(Data excerpts)
■ ■ ■ ■ ■ ■ ■

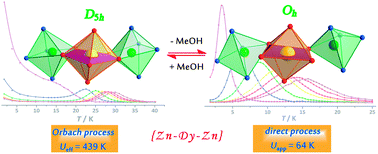 Graphical abstract for Switching the anisotropy barrier of a single-ion magnet by symmetry change from quasi-D<sub>5h</sub> to quasi-O<sub>h</sub>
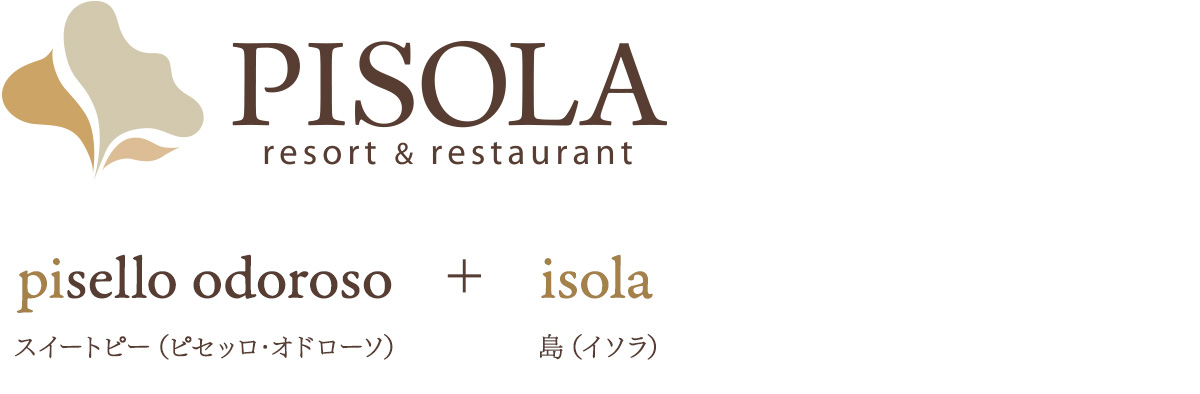 PISOLAロゴについて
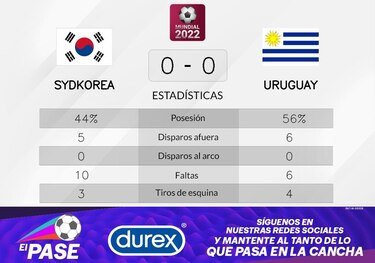 Empate entre Uruguay y Corea del Sur en la Grupo H del Mundial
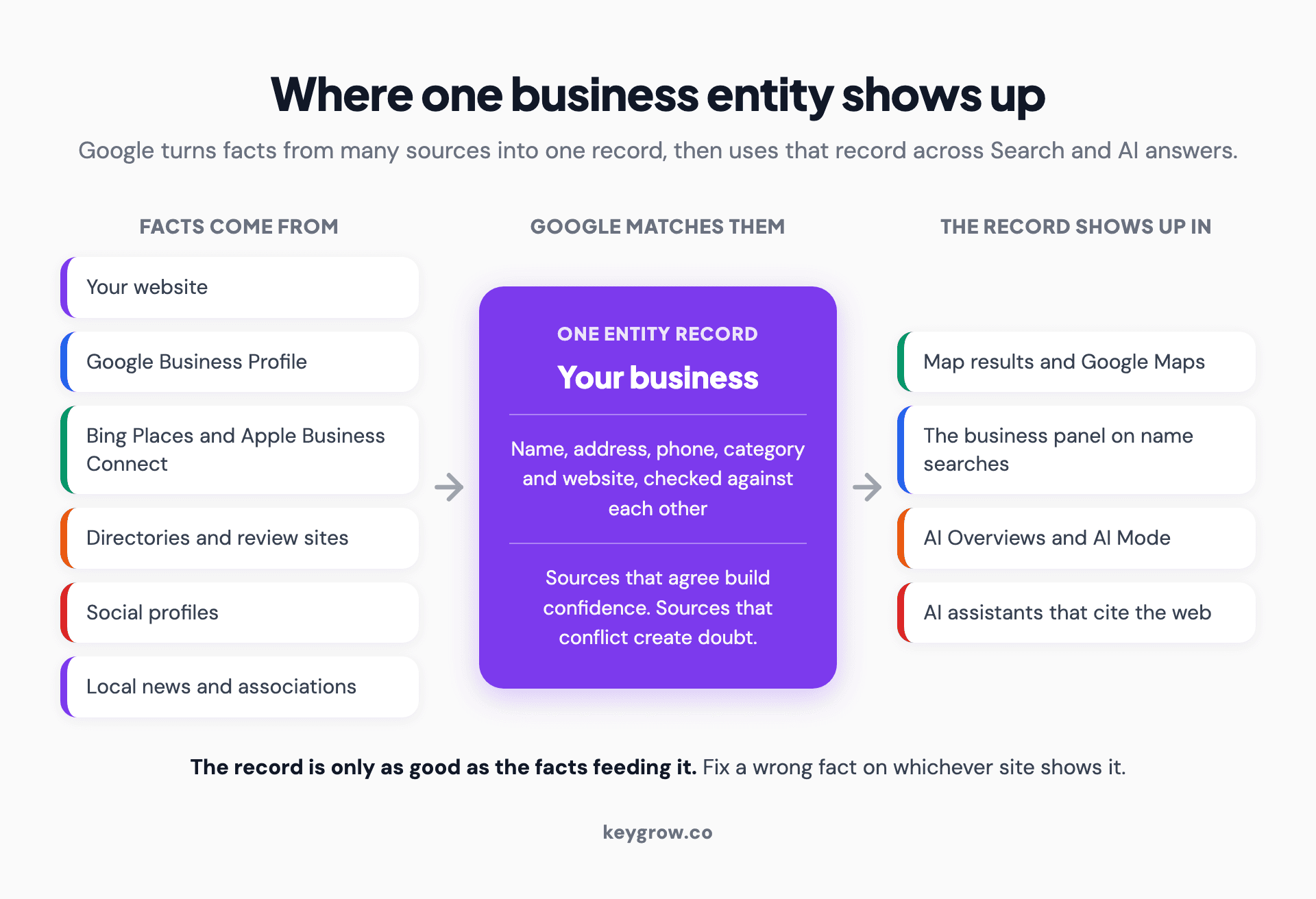 Flow diagram showing how facts from a website, Business Profile, listings, reviews and local mentions become one Google entity record that appears in map results, branded search panels, AI Overviews and AI Mode, and AI assistants.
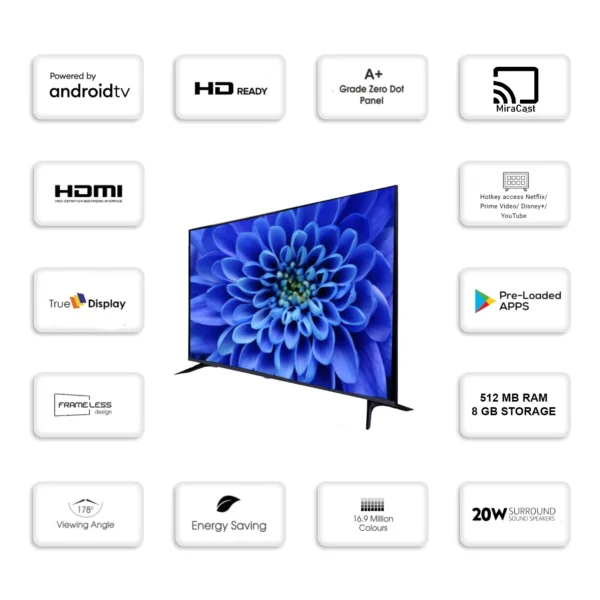 Geo Vision 80 cm (32 inches) True Frameless Smart Android LED TV 512MB/8GB - Image 2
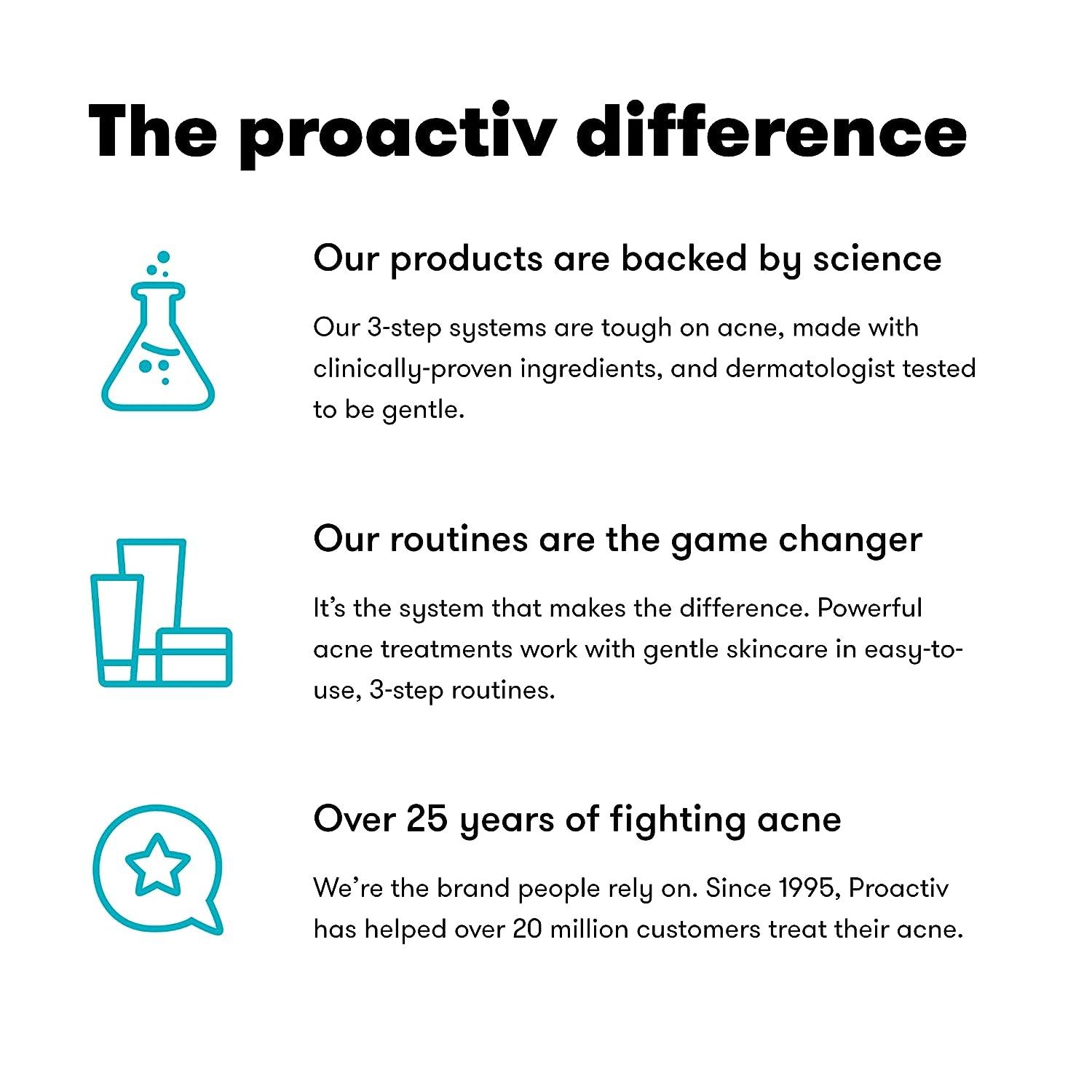 Proactiv Acne Body Bar Salicylic Acid Cleanser And Acne Treatment Face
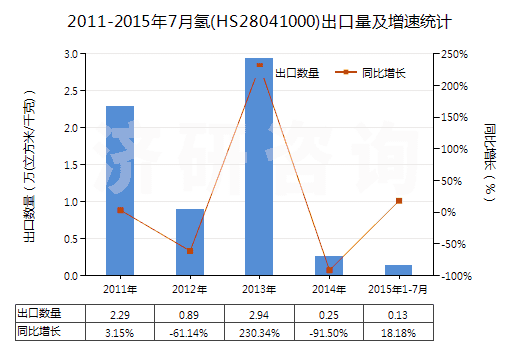 2011-2015年7月氫(HS28041000)出口量及增速統(tǒng)計(jì)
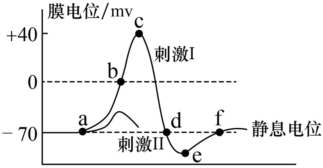 德优题库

■ ■ ■ ■ ■ ■ ■

● The task: Leaving every picture out, return the lines from the one containing "Proactiv Acne Body" through the last line of the records exactly.

● Answer to this problem:
 Proactiv Acne Body Bar Salicylic Acid Cleanser And Acne Treatment Face
 2011-2015年7月氫(HS28041000)出口量及增速統(tǒng)計(jì)
 德优题库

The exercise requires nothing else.